Sheets will likely stop working if you hit this threshold.

Best of luck

1 Like

Very interesting! I’m not sure how to build a key-value lookup. Is this what you are talking about? https://www.youtube.com/watch?v=3dGQ4d7JF1U

Yes, a javascript object.
Imagine you create an object where the key is the username, and the value is the ID of the sheets file where that users data is archived. For example…

var file_lookup = {
  'user1@example.com' : 'xxxyyyzzz',
  'user2@example.com' : 'yyyzzzxxx',
  // etc....
};

With that in place, you no longer need to iterate through all the files to find the correct one, as you can do a direct lookup…

  var user = 'user1@example.com';
  var ss = SpreadsheetApp.openById(file_lookup[user]);

Make sense?

3 Likes

Oh wow, going to give it a try today!

I removed the code looping through files, and replaced it with your method. That really helped cut down the loading time! Its about 10 seconds vs 1 minute :slight_smile:

Here’s code (modified because the archived files are located in another folder):

var ssFolder = DriveApp.getFolderById(“XYZ”);
var ssFiles = ssFolder.getFilesByName(email);
var ssFileID = ssFiles.next().getId();
var ss = SpreadsheetApp.openById(ssFileID);

Also, the file names are the user’s email.

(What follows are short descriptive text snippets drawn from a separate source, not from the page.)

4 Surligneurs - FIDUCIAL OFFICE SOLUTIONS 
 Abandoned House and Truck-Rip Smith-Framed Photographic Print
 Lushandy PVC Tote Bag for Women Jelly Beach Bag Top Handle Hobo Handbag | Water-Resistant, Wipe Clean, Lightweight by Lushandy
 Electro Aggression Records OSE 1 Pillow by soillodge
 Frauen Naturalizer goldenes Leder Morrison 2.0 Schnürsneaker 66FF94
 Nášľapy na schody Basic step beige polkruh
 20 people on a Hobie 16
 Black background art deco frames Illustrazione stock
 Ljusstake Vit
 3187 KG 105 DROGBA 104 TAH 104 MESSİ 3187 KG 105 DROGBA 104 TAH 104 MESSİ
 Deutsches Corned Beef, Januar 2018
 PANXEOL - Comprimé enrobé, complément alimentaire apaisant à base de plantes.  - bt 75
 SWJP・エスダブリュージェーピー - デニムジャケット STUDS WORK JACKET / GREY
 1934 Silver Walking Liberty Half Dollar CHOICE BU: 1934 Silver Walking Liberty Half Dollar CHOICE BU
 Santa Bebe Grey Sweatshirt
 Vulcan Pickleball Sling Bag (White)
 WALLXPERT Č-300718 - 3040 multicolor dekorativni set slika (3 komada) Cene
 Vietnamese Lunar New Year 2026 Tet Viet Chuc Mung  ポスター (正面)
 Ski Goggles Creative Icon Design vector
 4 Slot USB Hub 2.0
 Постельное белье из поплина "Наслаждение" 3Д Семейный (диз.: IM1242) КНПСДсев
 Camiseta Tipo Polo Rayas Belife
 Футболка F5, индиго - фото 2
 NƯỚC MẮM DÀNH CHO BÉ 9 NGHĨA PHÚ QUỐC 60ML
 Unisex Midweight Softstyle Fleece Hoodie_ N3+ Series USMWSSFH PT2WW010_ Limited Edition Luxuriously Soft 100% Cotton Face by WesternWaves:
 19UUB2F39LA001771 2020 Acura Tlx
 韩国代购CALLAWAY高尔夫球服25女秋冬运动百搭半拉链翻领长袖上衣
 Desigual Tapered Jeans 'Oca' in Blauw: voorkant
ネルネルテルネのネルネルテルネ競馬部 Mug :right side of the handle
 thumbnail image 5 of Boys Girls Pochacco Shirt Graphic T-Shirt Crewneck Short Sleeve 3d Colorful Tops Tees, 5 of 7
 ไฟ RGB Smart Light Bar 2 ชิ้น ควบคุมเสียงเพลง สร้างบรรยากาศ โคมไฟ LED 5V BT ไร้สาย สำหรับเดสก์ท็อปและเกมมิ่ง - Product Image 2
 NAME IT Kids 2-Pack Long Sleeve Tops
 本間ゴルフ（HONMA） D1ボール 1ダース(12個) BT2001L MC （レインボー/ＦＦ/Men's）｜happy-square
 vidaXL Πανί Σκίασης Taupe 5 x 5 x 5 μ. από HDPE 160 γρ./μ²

My only issue now, is that half of this delay is Glide taking a while to update. Does that have to do with the Sync settings? I am doing this in a free app with refresh settings on “Only on edit”. Would this be better using “While editing or using the app” in Pro?

2 Likes

The “While editing or using the app” may still have a delay up to a few minutes, because what it does is force glide to check the google sheet for updated data every few minutes. Otherwise “Only on edit” does exactly what it says and will only check for new google sheet updates immediately after data changes via the app. On the other hand, sometimes google will actually send updated data to Glide (which may be the case for you), which I believe will update in the app, but that’s at the discretion of google and can be up to a few minutes at times. “While editing or using the app” may or may not help for speed. It’s more to guarantee that data is updated in the event that you have data that’s somehow updated in the sheet, but google does not sent that updated data to glide. I think what it really comes down to is if the script runs fast enough for glide to catch it at the time that it is pulling updates.

3 Likes